Proxy Fairness results
By ‘proxy’ fairness analysis we highlight the fact that the results acquired in the previous section look at the FACET label and not the actual inputs (pixels) to the Visual AI network to extract observations.
By analysis at the labels of the FACET database ground truth and defining the true positive as a match between ground truth and prediction that with an IOU of >0.5, the True Positive rates shown in the previous section were acquired for the sensitive data label categories investigated such as Perceived Gender (Male, Female Non-Binary) , Perceived Skin tone (Dark, Medium, Light), and Perceived Age (Young, Middle, Older).
It is shown that disparities between all values remain within 80% of each other (4/5th rule) except for the Νon-Βinary category in the Gender label. One possible explanation for this result is that the non-binary ground truth data was a very small percentage of the overall dataset <1%.
Therefore in general, we observe that when using the FACET dataset as a benchmark for a proxy fairness analysis, Yolov5m appears to score very high on fairness across all sensitive parameters which were investigated in this study – namely age , gender and skin tone.
Key Takeaways - From Benchmarking to Actionable Fairness
From the lessons learned during this exercise, we suggest the following to anyone using the FACET database as a quick method to perform proxy or secondary bias / fairness:
- Align the labels between those available in the dataset and the ones produced by your AI model output by grouping them or renaming them.
- Group skin tone ground truth data to easy to understand categories instead of using the FACET numerical scale.
- Filter predictions to keep only the ones which are related to the ground truth bounding box labels available in the dataset, (i.e. focus the assessment on the available labels).
In terms of business results, we should always keep in mind that benchmark datasets albeit an easy way to ‘tick the box’ for fairness evaluation of your AI model, should be representative of the intended application and the real circumstances your model will operate in. Otherwise, the results obtained might skew true fairness metrics to either a higher level or lower level than the actual model’s behavior, rendering your benchmark dataset evaluation void.

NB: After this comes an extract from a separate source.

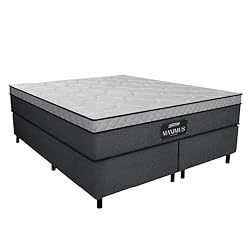 Cama Box Queen Gazin Maximus
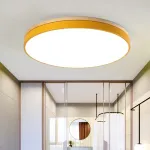 Потолочный светильник DISC D D50 White от ImperiumLoft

For the moment however it is the easiest and fastest common ‘measuring’ stick we have in Visual AI and which should not be dismissed outright as a viable alternative to performing a ‘quick and dirty’ fairness evaluation is that of the use of benchmark datasets such as FACET.

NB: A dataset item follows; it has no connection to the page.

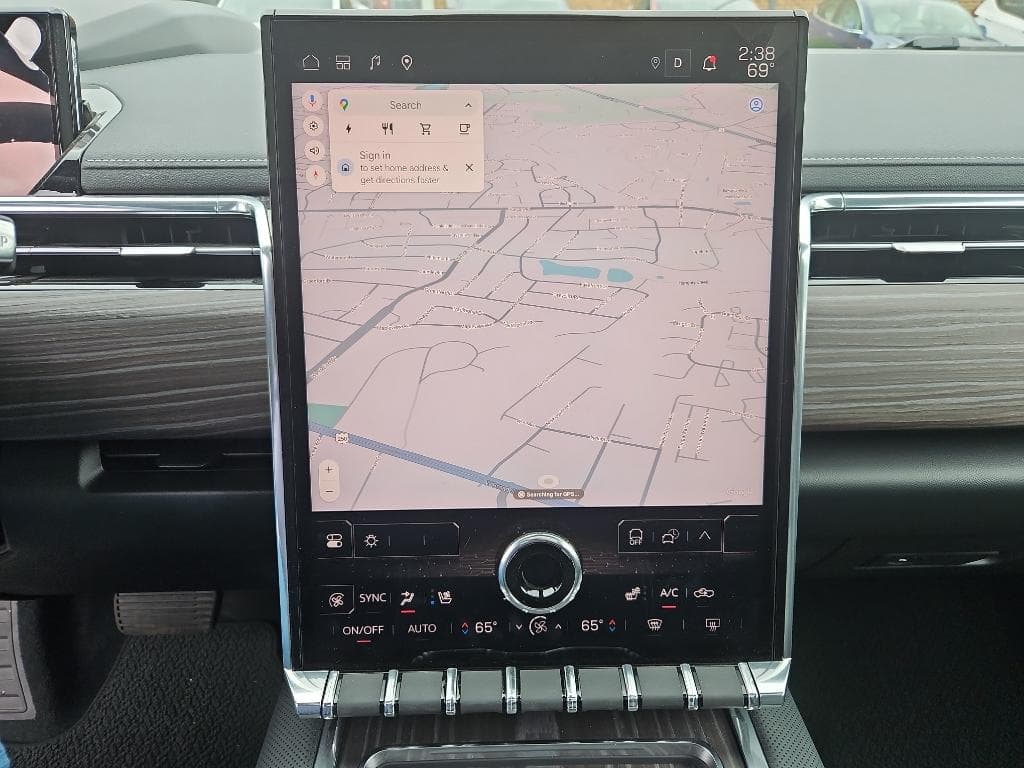 2025 GMC Sierra EV view 10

Using benchmark datasets like FACET shifts fairness testing in Visual AI from an abstract ideal to a structured, measurable process, but it must be used with care, and the assumptions made in the process must be valid in order to reflect true real-world performance of the AI system in question. This approach not only supports compliance efforts but also informs better design decisions, highlights potential model limitations, and aligns technical development with broader business priorities such as accountability, inclusivity, and user trust.